Alltel Corp. reported weaker-than-expected total earnings, but still outpaced analysts’ predictions by adding 147,000 net new wireless subscribers, most of which were prepaid.

Alltel reported consolidated revenue of $2.58 billion, a 21-percent jump from 2004’s fourth quarter. However, net income fell to $255.1 million (66 cents per share) from $270.6 million last year (89 cents per share). The carrier stated fully diluted earnings for the quarter of 77 cents per share from current businesses. Most analysts had expected that figure to be around 83 cents per share.

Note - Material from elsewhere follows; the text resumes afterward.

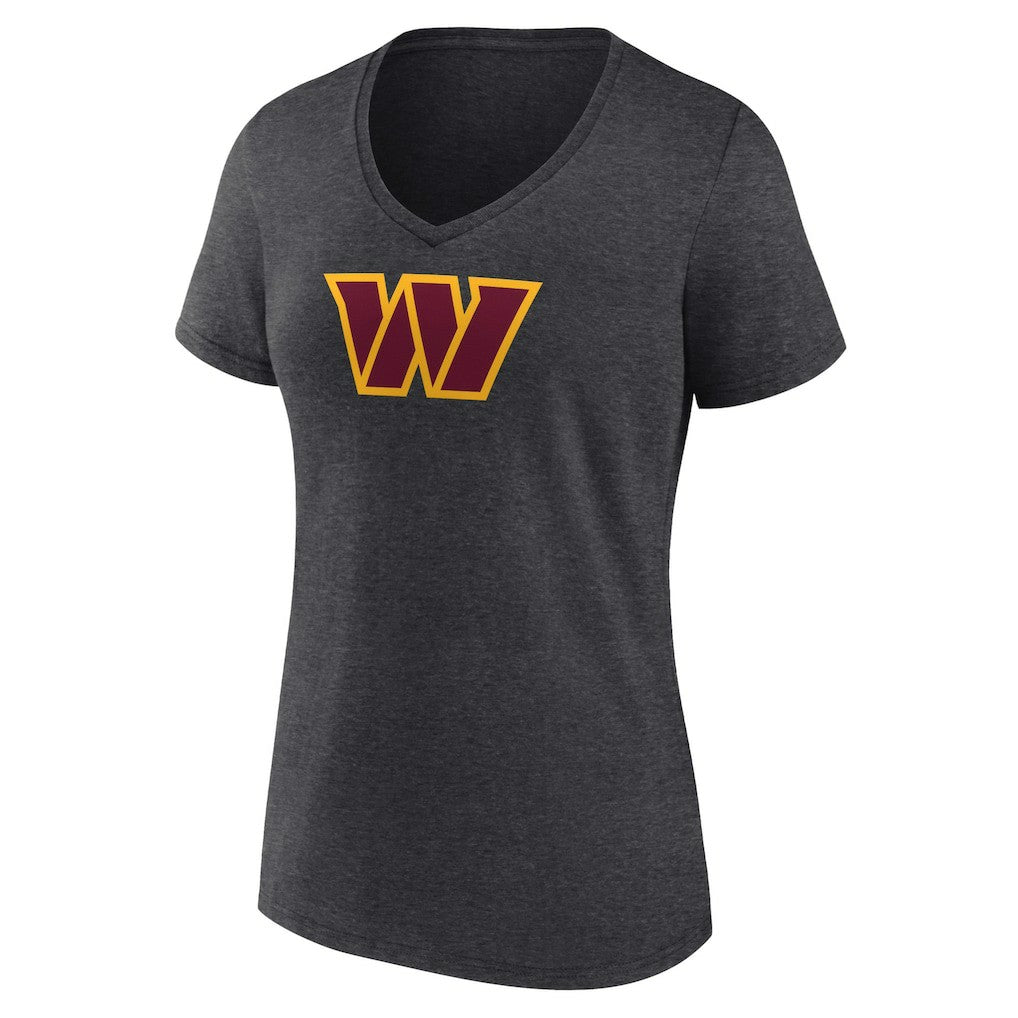 Women's Primary Team Logo V-Neck T-Shirt - Washington Commanders T-shirts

The majority of Alltel’s net customer adds were prepaid users, with 90,000 of the 147,000 net new wireless subscribers not signing a contract. Alltel lost only 37,000 subscribers from former Cingular Wireless L.L.C. markets that Alltel transitioned from GSM to CDMA technology. Some analysts had predicted the rural carrier would lose all 119,000 customers in those areas. Alltel added 18,000 subscribers in former Western Wireless Corp. markets.

Alltel posted customer churn of 2.2 percent for the quarter, up from 2.17 percent in fourth-quarter 2004. For the year, Alltel had total wireless churn of 2.17 percent, down from last year’s 2.23 percent. Average revenue per user for the quarter stood at $52.13, up 6 percent from the same quarter the previous year. Yearly ARPU was up 7 percent from 2004 to $51.44.

The carrier reported a wireless operating margin of 17.1 percent in the fourth quarter of 2005, down 13 percent from the same quarter in ’04. Several analysts expressed concern about decreases in Alltel’s wireless margins, and company officials said that margins would be addressed Feb. 1, when Alltel has its scheduled analyst day.

Simon Flannery of Morgan Stanley & Co. said Alltel produced strong wireless net adds, but at the expense of lower margins. He added that Alltel’s prepaid growth was particularly impressive since Alltel had been losing prepaid customers during the third quarter.

Alltel also reported nearly $10 million in costs associated with Hurricane Katrina during the fourth quarter.

As far as revenue from Alltel’s data offerings, the company reported that about 5 percent of ARPU, or $2.58, came from wireless data, and the carrier was seeing double the download traffic on 3G-enabled phones compared with other handsets. While most of Alltel’s customers have access to CDMA2000 1x technology, the carrier has launched higher-speed EV-DO services in a dozen markets.

In 2005, Alltel completed transactions with Cingular, PSC Wireless, Western Wireless and U.S. Cellular Corp., as well as announcing that it was spinning off its wireline business in a $9.1 billion deal that would leave the rural carrier as a wireless-only business. The company expanded its footprint to include 76 million potential customers and now has a customer base of more than 10 million subscribers.